InvarDiff: Cross-Scale Invariance Caching for Accelerated Diffusion Models
- URL: http://arxiv.org/abs/2512.05134v1
- Date: Sat, 29 Nov 2025 02:34:23 GMT
- Title: InvarDiff: Cross-Scale Invariance Caching for Accelerated Diffusion Models
- Authors: Zihao Wu,
- Abstract summary: InvarDiff is a training-free acceleration method that exploits the relative temporal invariance across timestep-scale and layer-scale.<n> Experiments show that InvarDiff achieves $2$-$3times$ end-to-end speed-ups with minimal impact on standard quality metrics.

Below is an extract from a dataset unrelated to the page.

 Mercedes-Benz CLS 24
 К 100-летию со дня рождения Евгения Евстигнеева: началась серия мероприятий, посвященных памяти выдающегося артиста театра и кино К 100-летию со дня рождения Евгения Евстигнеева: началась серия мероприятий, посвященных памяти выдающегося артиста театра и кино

- Score: 2.6735992385049663
- License: http://arxiv.org/licenses/nonexclusive-distrib/1.0/
- Abstract: Diffusion models deliver high-fidelity synthesis but remain slow due to iterative sampling. We empirically observe there exists feature invariance in deterministic sampling, and present InvarDiff, a training-free acceleration method that exploits the relative temporal invariance across timestep-scale and layer-scale. From a few deterministic runs, we compute a per-timestep, per-layer, per-module binary cache plan matrix and use a re-sampling correction to avoid drift when consecutive caches occur. Using quantile-based change metrics, this matrix specifies which module at which step is reused rather than recomputed. The same invariance criterion is applied at the step scale to enable cross-timestep caching, deciding whether an entire step can reuse cached results. During inference, InvarDiff performs step-first and layer-wise caching guided by this matrix. When applied to DiT and FLUX, our approach reduces redundant compute while preserving fidelity. Experiments show that InvarDiff achieves $2$-$3\times$ end-to-end speed-ups with minimal impact on standard quality metrics. Qualitatively, we observe almost no degradation in visual quality compared with full computations.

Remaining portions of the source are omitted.